On the Art of Speaking Out

Exactly one year ago the world witnessed an inauguration that marked the beginning of a new day, a new dawn and a new life, but many of us were not left feeling good. Since then millions of women (and not just women) have marched, campaigned, rallied, written books and articles, organised events and held speeches. Countless women have used their creativity for the good cause: lyrics, poems, embroidered sweaters, T-shirts emblazoned with slogans, pins, badges, pussy hats – almost anything to make the world know what they have to say. 
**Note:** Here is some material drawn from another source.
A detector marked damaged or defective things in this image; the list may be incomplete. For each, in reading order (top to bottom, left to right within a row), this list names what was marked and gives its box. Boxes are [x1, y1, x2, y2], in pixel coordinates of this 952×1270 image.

While the message is always the most important thing, especially when we talk about a human rights movement that can only be described as if a pressure cooker had just burst open, there are a few things about delivery I wanted to share with you. Public speaking may be difficult, but it can be learned. Even those branded as natural born public speaking superstars (oh, how we love to love these gurus!) have often spent countless hours in honing their performances. 
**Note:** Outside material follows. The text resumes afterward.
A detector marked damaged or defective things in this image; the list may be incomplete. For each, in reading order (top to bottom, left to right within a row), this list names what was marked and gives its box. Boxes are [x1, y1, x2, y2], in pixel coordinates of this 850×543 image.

I was the kid who was always the first to volunteer for speaking in front of the class, who tirelessly wrote plays for school’s Christmas parties (obviously scripting the most stage time pour moi-même) and generally took the floor ad nauseam whenever the slightest chance arose. Therefore it comes as no surprise that my job today is public speaking, on and off camera. What might be surprising, though, is that I am very uncomfortable being centre stage once I leave my professional hat in the office. For me public speaking is an act. I play the role of a great public speaker during the day and spend the rest of the time observing people rather than drawing attention to myself. I can get completely lost if I’m expected to talk about myself in a crowd of people, but weirdly enough have no problem to climb the stage and perform to any crowd. 
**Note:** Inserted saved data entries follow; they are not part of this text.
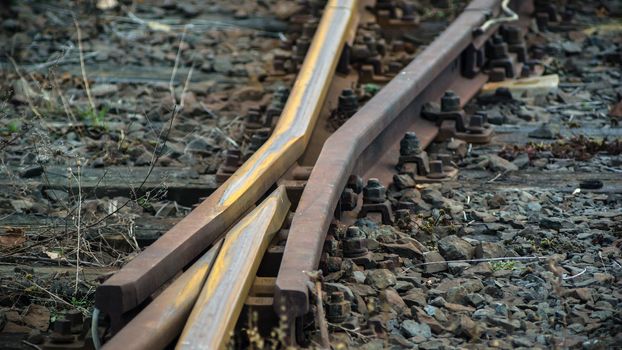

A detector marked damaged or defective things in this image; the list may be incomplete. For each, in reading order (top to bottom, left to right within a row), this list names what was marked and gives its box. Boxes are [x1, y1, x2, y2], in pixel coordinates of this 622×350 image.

rusty bolt [442, 90, 460, 112]
rusty steel rail [97, 0, 360, 330]
rusty steel rail [278, 0, 536, 320]
rusty bolt [400, 132, 424, 157]
rusty bolt [428, 160, 448, 179]
rusty bolt [364, 179, 388, 204]
rusty bolt [344, 224, 368, 258]
rusty steel rail [177, 186, 292, 350]
rusty steel rail [104, 241, 224, 350]
rusty bolt [326, 290, 352, 322]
Up North public speaking was never considered an art form. In high-school I remember kids getting exemptions from holding presentations because they were too terrified by the thought of standing in front of the class. Even today it is not uncommon to witness a professional presentation where the (Nordic) speaker reluctantly shuffles towards the podium, clearly wanting to make him/herself invisible, starts with an apologetic “I was asked to speak to you about…” before reaching the pulpit and then holding onto it as if his/her life depended on it. At work I watch politicians from across Europe deliver speeches daily, and the cultural differences of oration are very clear, indeed. In addition to the individual and cultural characteristics and temperaments comes the perception of a public voice. The benchmark is very often male.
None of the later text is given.